The unofficial role is David’s first for the party since he was defeated by his younger brother in last year’s race for the Labour leadership, after which he decided not to take part in the shadow cabinet elections.
The two brothers were expected to appear on a podium together in March for the launch of “Movement for Change”, a leftwing volunteer movement, but that occasion never took place.
Aides played down the idea that David Miliband’s new project represented a major “ambassador” role for the former foreign secretary, who still has the support of some Blairite Labour MPs. University policy remains the preserve of Gareth Thomas, shadow minister for higher education and science.
But the two brothers are understood to have had recent discussions which have been relatively warm compared to their tense, anguished relationship of the last year.
Many of David’s supporters are still bitter about the way in which Ed harnessed union and left-wing backing to “steal” the leadership from his previously more high-profile sibling.
The MP will carry out a 20-date tour of campuses talking to students about issues such as climate change, foreign affairs and tuition fees. The results of his question and answer sessions will be relayed back to the party’s policy review, headed by Liam Byrne, according to today’s Guardian.
Aides insisted that this was not a prelude for an early return to the shadow cabinet, made possible when Ed Miliband recently scrapped the system of elections to his frontbench.
My understanding is that Ed is already discussing the timing of a shadow cabinet reshuffle, which could be around the time of the autumn conference but may not be until several months afterwards. Miliband has to wait until the procedural change is authorised at conference before changing his top team; it would be a bold move to announce his new line-up while at the Liverpool event.
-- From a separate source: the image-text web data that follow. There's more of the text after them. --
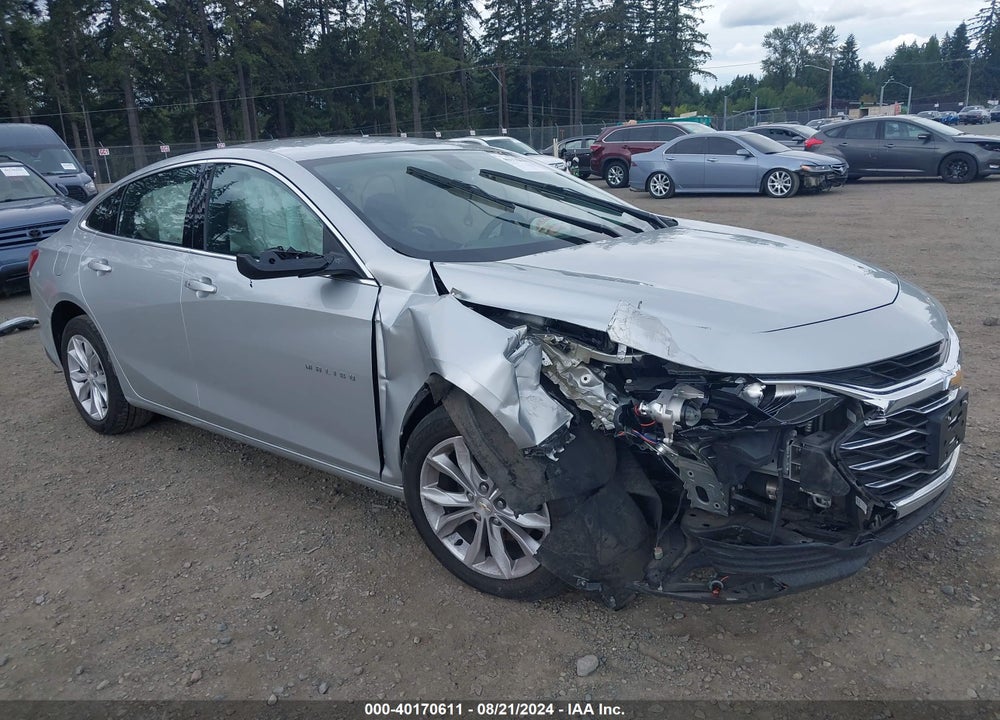 2022 CHEVROLET MALIBU FWD LT VIN: 1G1ZD5ST8NF140181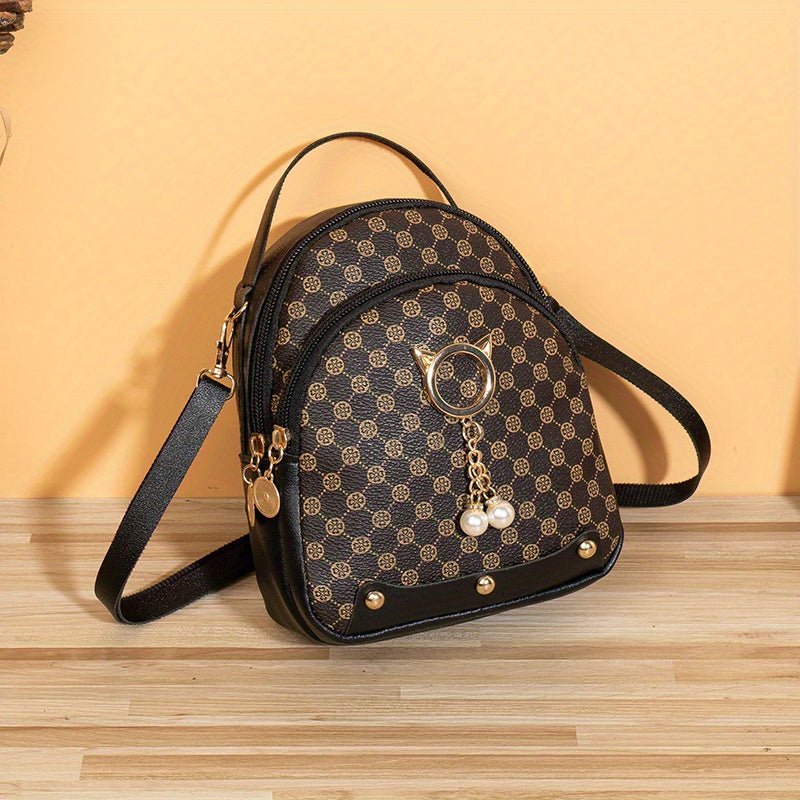 Mini Sac à Dos Femme Tendance – Sac Fashion Compact, Polyvalent & Pratique pour un Look Urbain au Quotidien - L’ÂME URBAINE LIFESTYLE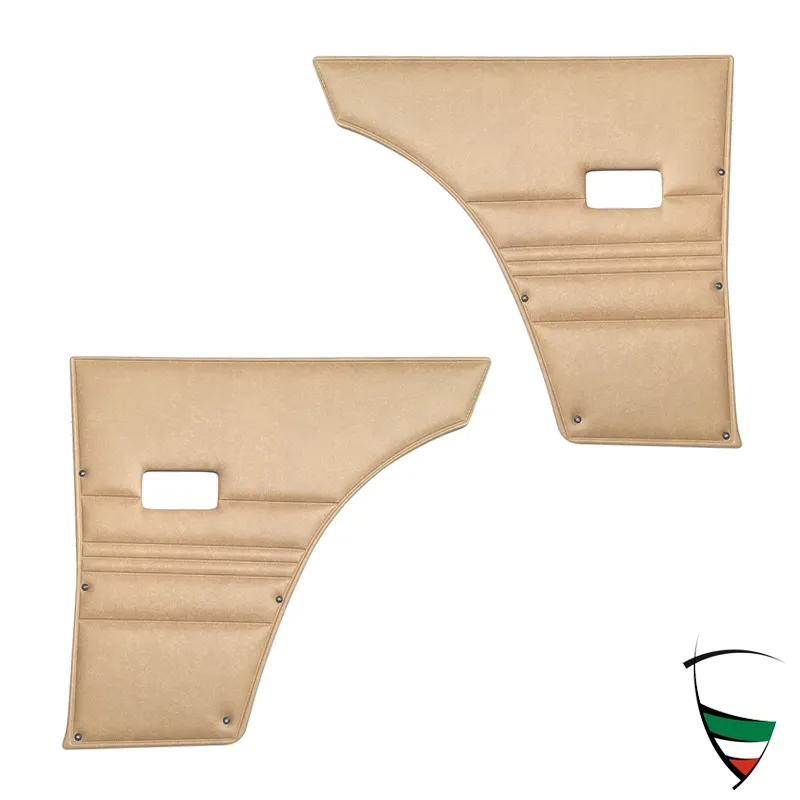 Satz Seitenverkleidungen hinten GTV 2000 beige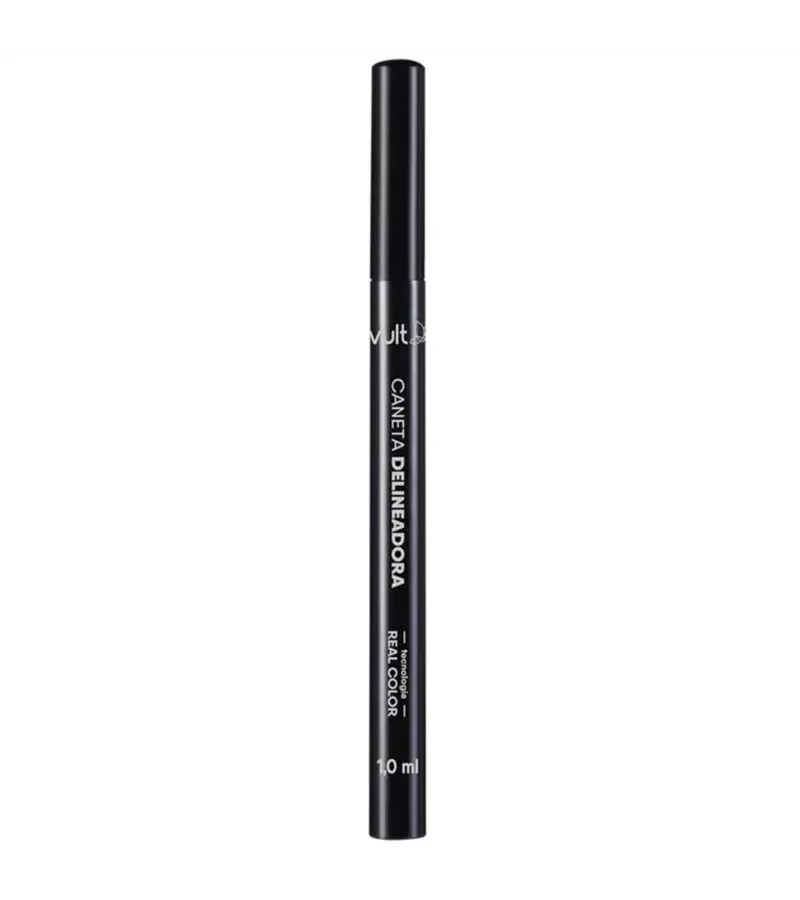 Vult Caneta Delineadora Preta 1,0ml - AIKO COSMÉTICOS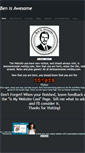 Mobile Screenshot of benisawesome.weebly.com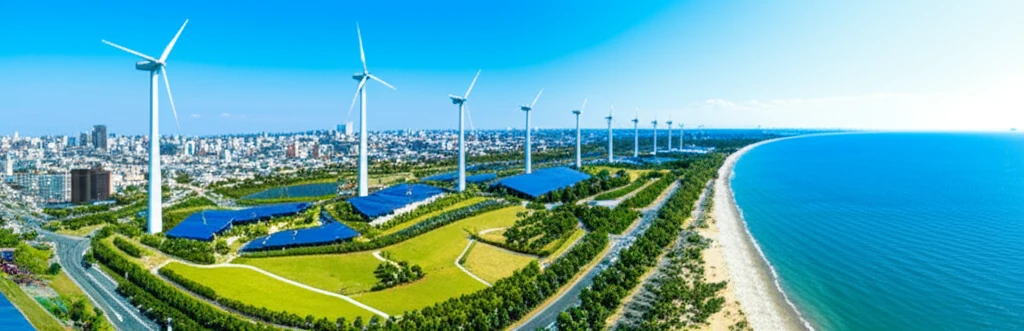 친환경 에너지 전환 이미지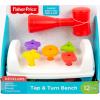 imageFisherPrice Toddler Toy Tap ampamp Turn Bench Pretend Tools 2Sided Construction Set for Ages 1 Years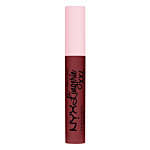 NYX Lip Lingerie XXL Szminka w płynie Strip & Tease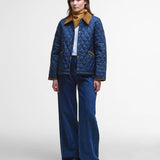 Barbour Icons Cropped Liddesdale Quilted Jacket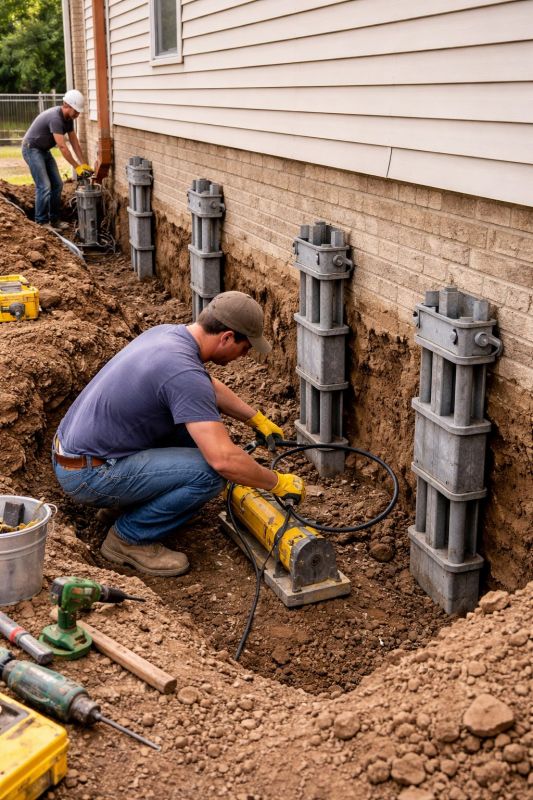Piling Repair in Buford, GA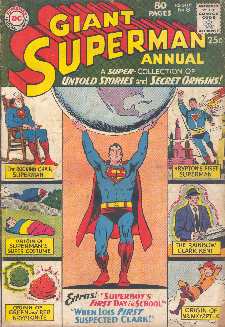 GIANT SUPERMAN ANNUAL 8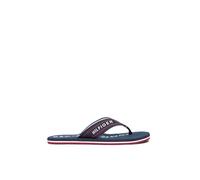 Tommy Hilfiger Sporty Hilfiger FM0FM05805 - Sandalias de playa para hombre, color azul (Desert Sky), 5.5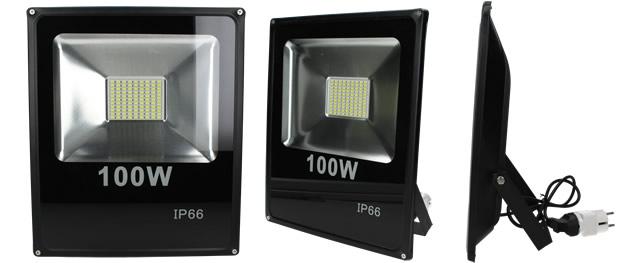 LED výkonný reflektor 100W ploch…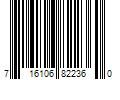 Barcode Image for UPC code 716106822360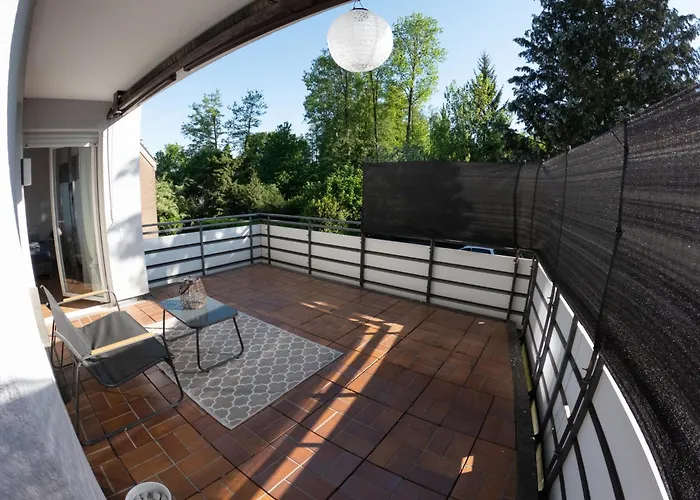 Moderne In Mit Balkon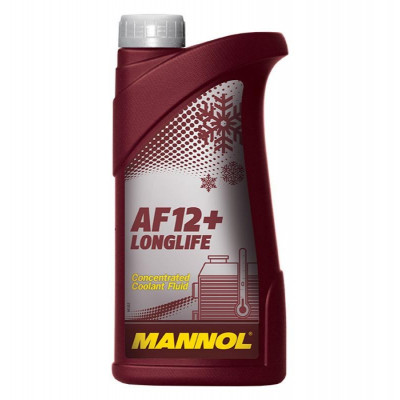 7153 Mannol AF12 красный 1,5 кг антифриз 7153 Mannol AF12 красный 1,5 кг антифриз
David Miliband still has high hopes for Movement for Change, which hopes to train 10,000 community organisers and has the financial backing of Lord Sainsbury. But Ed has not whole-heartedly embraced the campaign, according to one Labour source, because of its “evangelical” overtones.
One Labour MP said last night that the new role was perfect because it brought David “back into the fold” but kept him “at arms-length” given its roving nature.
Since last autumn David Miliband has joined the board of Sunderland football club and has taught politics on a voluntary basis at his local school in London.